=== Begin Enclosure ===

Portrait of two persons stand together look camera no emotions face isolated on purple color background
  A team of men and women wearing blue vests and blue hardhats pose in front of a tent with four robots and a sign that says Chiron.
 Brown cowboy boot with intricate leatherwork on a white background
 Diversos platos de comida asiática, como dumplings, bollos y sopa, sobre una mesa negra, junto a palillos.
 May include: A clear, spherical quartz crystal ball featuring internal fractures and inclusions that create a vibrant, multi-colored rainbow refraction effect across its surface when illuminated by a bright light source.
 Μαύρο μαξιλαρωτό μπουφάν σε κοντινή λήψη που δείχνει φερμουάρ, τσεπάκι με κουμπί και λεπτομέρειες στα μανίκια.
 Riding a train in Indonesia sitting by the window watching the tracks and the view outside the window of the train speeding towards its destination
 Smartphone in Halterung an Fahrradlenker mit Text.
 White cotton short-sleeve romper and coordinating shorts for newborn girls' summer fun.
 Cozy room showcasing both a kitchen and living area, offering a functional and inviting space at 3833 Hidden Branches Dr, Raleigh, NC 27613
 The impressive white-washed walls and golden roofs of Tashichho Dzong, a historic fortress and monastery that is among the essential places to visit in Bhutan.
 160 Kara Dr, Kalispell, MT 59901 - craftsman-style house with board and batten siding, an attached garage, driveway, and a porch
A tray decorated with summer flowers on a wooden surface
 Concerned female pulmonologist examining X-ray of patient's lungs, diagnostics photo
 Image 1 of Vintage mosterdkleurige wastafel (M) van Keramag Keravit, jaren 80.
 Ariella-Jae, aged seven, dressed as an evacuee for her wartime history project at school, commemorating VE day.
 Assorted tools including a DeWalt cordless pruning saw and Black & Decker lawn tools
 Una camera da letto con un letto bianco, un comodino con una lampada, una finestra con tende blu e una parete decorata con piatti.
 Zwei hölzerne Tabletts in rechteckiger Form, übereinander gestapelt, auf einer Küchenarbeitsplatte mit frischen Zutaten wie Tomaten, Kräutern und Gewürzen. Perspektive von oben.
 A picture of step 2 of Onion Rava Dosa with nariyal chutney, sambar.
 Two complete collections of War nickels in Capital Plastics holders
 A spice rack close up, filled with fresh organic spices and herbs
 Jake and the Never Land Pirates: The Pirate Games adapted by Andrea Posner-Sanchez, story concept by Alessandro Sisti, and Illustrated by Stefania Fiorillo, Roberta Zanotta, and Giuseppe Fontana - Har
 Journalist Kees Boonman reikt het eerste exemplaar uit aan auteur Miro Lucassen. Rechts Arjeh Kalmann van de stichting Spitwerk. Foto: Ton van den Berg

=== End Enclosure ===

From the records above, extract exactly and only the lines that begin at the line with "Image 1 of Vintage" and stop after the line with "A spice rack".

 Image 1 of Vintage mosterdkleurige wastafel (M) van Keramag Keravit, jaren 80.
 Ariella-Jae, aged seven, dressed as an evacuee for her wartime history project at school, commemorating VE day.
 Assorted tools including a DeWalt cordless pruning saw and Black & Decker lawn tools
 Una camera da letto con un letto bianco, un comodino con una lampada, una finestra con tende blu e una parete decorata con piatti.
 Zwei hölzerne Tabletts in rechteckiger Form, übereinander gestapelt, auf einer Küchenarbeitsplatte mit frischen Zutaten wie Tomaten, Kräutern und Gewürzen. Perspektive von oben.
 A picture of step 2 of Onion Rava Dosa with nariyal chutney, sambar.
 Two complete collections of War nickels in Capital Plastics holders
 A spice rack close up, filled with fresh organic spices and herbs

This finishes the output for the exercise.